Safe learning in Tajikistan
For the students in the small village of Umarak, attending classes at the local school was a daily risk. The building was both unsuitable and outright dangerous. Mission East now made the school day safe with the opening of a brand new school.
The new school opened in December 2020, and the timing could not be better: January is the coldest month in Tajikistan with temperatures that can reach well below zero. The old school was uninsulated and therefore so cold that it was decidedly unsuitable for teaching.

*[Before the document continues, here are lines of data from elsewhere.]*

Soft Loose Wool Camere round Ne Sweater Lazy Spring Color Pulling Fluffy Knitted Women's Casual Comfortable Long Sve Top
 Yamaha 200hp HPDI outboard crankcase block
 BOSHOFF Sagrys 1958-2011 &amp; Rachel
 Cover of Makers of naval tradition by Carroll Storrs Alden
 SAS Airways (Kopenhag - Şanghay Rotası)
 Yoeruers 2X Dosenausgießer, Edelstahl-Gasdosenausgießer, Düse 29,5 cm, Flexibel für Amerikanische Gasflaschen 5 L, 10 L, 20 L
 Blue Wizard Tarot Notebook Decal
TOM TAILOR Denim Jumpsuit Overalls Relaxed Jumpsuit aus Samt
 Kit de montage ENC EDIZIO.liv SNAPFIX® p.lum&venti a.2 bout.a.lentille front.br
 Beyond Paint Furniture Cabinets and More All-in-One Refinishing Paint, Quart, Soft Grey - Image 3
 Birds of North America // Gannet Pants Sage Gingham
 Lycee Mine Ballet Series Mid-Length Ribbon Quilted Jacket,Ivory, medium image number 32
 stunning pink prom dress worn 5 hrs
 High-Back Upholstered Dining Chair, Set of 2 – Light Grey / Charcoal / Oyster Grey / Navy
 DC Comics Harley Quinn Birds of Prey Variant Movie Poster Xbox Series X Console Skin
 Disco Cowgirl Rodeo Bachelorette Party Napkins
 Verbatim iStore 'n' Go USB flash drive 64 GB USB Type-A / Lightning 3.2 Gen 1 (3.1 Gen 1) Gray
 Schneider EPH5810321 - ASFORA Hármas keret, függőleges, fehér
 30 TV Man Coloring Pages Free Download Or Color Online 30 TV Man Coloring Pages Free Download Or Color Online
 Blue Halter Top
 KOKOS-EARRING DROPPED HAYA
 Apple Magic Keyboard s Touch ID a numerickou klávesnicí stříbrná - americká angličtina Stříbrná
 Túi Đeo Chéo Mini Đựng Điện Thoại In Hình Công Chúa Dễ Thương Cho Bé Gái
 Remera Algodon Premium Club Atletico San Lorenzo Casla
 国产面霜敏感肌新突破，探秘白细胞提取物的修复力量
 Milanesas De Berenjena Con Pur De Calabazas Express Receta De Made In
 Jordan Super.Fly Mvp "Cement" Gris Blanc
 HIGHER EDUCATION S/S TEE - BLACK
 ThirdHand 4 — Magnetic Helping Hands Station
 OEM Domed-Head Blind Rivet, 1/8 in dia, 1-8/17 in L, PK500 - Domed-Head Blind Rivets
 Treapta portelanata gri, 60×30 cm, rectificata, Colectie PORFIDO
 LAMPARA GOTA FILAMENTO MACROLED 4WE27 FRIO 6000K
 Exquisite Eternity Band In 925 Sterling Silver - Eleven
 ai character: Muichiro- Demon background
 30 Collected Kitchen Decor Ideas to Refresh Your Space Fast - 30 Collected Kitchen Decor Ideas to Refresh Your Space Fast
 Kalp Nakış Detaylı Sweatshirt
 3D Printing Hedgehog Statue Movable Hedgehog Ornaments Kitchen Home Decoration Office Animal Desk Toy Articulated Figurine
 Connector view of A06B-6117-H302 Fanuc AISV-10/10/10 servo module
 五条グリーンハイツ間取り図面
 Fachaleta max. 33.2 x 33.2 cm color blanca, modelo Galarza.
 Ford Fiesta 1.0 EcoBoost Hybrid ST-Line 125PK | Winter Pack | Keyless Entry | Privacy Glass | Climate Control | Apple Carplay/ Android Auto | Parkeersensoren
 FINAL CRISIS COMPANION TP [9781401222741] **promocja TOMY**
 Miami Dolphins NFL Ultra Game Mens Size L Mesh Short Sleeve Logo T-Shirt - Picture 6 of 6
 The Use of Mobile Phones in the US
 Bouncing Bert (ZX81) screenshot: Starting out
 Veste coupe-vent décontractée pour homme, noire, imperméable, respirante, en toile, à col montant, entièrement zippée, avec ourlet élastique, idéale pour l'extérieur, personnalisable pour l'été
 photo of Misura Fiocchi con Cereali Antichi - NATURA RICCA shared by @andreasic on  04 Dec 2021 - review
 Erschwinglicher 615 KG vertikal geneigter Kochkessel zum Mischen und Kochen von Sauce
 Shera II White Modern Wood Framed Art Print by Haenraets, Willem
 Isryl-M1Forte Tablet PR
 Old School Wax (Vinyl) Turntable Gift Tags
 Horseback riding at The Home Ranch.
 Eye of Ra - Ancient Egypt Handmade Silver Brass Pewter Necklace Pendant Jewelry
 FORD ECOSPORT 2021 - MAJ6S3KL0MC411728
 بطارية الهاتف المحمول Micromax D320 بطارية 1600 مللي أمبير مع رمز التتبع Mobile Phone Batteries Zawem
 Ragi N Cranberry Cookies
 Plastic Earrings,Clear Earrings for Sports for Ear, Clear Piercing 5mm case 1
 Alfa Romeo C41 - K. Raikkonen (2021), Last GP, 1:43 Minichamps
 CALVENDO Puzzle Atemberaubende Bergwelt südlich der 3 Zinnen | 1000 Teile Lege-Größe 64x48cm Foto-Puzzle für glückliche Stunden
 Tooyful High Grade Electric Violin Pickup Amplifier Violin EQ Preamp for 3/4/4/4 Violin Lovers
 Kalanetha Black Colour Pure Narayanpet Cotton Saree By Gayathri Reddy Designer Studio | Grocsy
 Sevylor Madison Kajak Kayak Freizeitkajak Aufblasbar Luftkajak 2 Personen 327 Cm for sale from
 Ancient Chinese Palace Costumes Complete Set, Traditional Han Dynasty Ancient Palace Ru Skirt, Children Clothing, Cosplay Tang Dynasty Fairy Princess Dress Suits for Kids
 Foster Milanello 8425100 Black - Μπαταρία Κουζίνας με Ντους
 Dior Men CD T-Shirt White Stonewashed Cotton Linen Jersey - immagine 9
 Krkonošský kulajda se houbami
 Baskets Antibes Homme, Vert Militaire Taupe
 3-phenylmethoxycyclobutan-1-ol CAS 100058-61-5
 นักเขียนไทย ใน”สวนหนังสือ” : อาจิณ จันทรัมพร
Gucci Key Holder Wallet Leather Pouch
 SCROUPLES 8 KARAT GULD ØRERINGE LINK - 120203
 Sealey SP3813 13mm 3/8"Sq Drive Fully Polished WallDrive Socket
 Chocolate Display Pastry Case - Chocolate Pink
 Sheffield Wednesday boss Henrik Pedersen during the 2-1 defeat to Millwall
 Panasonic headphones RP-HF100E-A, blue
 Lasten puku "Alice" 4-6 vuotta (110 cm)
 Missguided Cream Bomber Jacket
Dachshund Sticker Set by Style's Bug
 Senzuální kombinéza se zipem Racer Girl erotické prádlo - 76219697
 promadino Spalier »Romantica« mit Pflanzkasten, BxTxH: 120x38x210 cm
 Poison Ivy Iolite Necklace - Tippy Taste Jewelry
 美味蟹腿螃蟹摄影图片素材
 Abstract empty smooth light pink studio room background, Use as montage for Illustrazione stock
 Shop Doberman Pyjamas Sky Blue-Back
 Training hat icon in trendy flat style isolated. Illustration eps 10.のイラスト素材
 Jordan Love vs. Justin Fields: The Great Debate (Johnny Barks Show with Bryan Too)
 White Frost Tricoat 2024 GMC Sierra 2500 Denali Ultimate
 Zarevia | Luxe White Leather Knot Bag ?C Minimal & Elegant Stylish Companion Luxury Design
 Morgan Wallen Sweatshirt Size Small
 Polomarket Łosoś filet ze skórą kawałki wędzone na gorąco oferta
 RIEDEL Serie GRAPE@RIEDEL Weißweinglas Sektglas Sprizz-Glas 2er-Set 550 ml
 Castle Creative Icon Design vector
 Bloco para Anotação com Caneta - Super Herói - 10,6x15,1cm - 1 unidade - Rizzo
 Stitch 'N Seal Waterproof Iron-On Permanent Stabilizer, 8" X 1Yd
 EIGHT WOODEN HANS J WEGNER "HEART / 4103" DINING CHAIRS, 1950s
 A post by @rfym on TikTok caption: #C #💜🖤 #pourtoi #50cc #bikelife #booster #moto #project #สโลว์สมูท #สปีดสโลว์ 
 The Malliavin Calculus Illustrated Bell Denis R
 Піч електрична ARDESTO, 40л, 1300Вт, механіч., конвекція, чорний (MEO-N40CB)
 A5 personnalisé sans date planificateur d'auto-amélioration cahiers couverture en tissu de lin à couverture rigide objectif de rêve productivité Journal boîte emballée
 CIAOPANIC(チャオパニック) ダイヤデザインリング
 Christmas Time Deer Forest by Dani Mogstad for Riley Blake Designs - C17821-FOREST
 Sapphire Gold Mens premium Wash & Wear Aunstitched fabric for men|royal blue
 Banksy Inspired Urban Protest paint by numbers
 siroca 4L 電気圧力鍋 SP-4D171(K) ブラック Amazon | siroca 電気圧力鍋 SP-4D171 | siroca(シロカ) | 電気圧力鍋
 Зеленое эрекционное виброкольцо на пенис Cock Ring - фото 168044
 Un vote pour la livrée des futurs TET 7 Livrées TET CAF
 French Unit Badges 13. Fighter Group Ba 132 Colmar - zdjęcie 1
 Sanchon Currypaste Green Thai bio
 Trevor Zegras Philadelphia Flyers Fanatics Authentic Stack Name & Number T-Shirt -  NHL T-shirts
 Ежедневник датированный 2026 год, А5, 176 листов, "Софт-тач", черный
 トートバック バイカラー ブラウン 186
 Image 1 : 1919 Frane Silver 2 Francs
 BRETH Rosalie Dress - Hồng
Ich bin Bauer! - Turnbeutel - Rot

“Before it was quite uncomfortable to teach in the old building due to winter harshness. But now, the newly constructed school is completely insulated,” says Shokirova Gulchehra, who teaches at Umarak School.
When the ground shakes
In addition to being poorly insulated, the old school building was also both dilapidated and not originally built to withstand earthquakes. With more than 200 earthquakes recorded in the past year, earthquakes are frequent occurrences in Tajikistan.
Solehzoda Sunhatullo, Head of Education Department in Darvoz district of Tajikistan, says: “The old school building was vulnerable to both weather and natural disasters such as earthquakes, heavy snowfall as well as fire. I was always worried about the safety of school children.”
However, local funds were not sufficient to repair the existing building, and local authorities requested Mission East for assistance.
A brand new school
Mission East chose to build a brand new building as it was estimated that the cost of repairing the existing building and making it earthquake-resistant would be higher.
After the land was made available by the authorities, work began in early 2020 and now, less than a year later, the school is open and the students at their desks.
The school is run by the local authorities like the other schools in the area and the school is constructed according to national standards taking all necessary measures into consideration.
“The new school building in Umarak village is disaster resilient and well-isolated. The learning environment has significantly improved,” says Solehzoda Sunhatullo.
As a teacher at the school, Shokirova Gulchehra is also very excited about her new workplace: “Teachers and students alike are happy to teach and learn in a comfortable environment without worrying about the weather harshness.”
Part of a larger programme
The school building is funded by the Grand Duchy of Luxembourg through the PATRIP Foundation. PATRIP works with trusted NGO partners to support border communities facing challenges of isolation, violence and poverty.